Documenting Kit History and Tech Adoption

Importance of Documenting Kit History

The speaker emphasizes the significance of documenting kit history, which is often overlooked. This documentation serves as a valuable resource for tracking changes and decisions made within projects.

Custom Commands for Tech Adoption

A discussion on tech adoption and deprecation highlights the use of custom commands in project management. These commands can be tailored to specific needs, enhancing workflow efficiency.

Overview of Repository Architecture

The speaker provides insights into the architecture behind repository management, mentioning that it operates through a temporal orchestration workflow engine designed for durability and error handling.

Repository Discovery and Management

GitHub Integration

The system integrates with GitHub using a special token to discover repositories automatically based on a predefined JSON file (repos.json). This allows for easy updates without manual intervention.

Filtering Repositories

Repositories are filtered based on age (older than one year), with options to skip certain repositories that may not be relevant or useful for documentation purposes.

Workflow Execution and Prompting

Fan Out Process

Once repositories are identified, a fan-out process initiates new workflows to analyze each repository's structure, execute prompts, store results, and perform cleanup tasks efficiently.

Role of Prompts in Analysis

Prompts are central to the product's functionality; they determine how effectively data is interrogated across different repositories. Base prompts apply universally while specialized prompts cater to specific repository types.

Enhancing Prompt Efficiency

Contextual Injection Between Prompts

The system allows results from higher-level prompts to inform lower-level ones, enhancing context and improving overall analysis quality. This sequential prompting strategy optimizes information retrieval.

Structure of Prompt JSON

A detailed overview of the prompt JSON structure reveals its role in organizing shared repository information. The core directory contains essential base prompts crucial for effective operation.

Understanding Prompt Management and Optimization

Importance of Versions in Prompts

The discussion highlights the significance of prompt versions, noting that changes to a prompt version can trigger a workflow run even without new commits.
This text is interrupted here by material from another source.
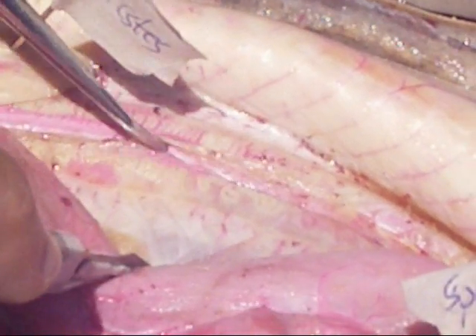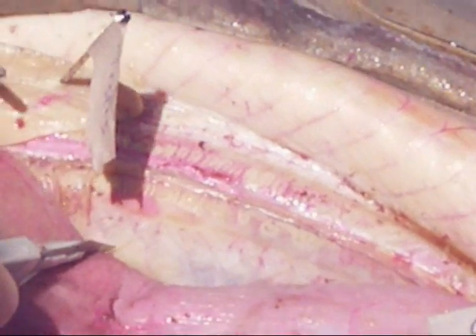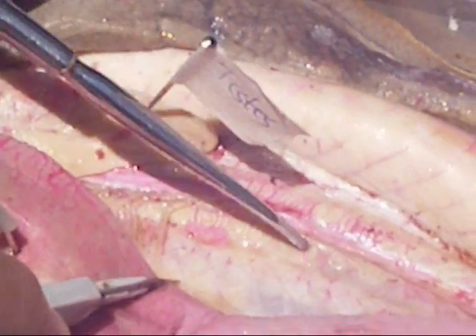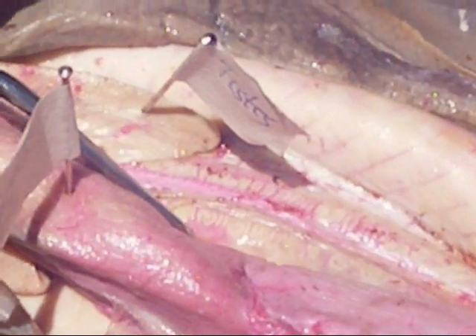Do they have to know the reproductive parts? No. Well, you know the testes, right? The kidneys are little tubes in the back muscle. That's your little muscle — back muscle.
This optimization is designed to save tokens by only executing prompts that have changed or when code modifications occur.

Caching Mechanisms

The system utilizes caching mechanisms such as DynamoDB or local files to enhance efficiency, running only specific prompts if they have been altered.

There is mention of prompt inheritance and tagging based on file types, which aids in context chaining for more effective security checks.

Investigation Process

Investigating a repository typically takes between 10 to 15 minutes, with shorter times for smaller repositories. Costs range from $0.30 to $1.00 depending on the model used.

Plans are underway to improve logging during investigations, enhancing transparency and tracking.

Future Developments

Future enhancements include integrating Slack notifications for critical updates and automating documentation indexing for easier querying without direct access.

Cross-repository reasoning aims to allow investigations across multiple repositories simultaneously, verifying dependencies and facilitating future agent interactions.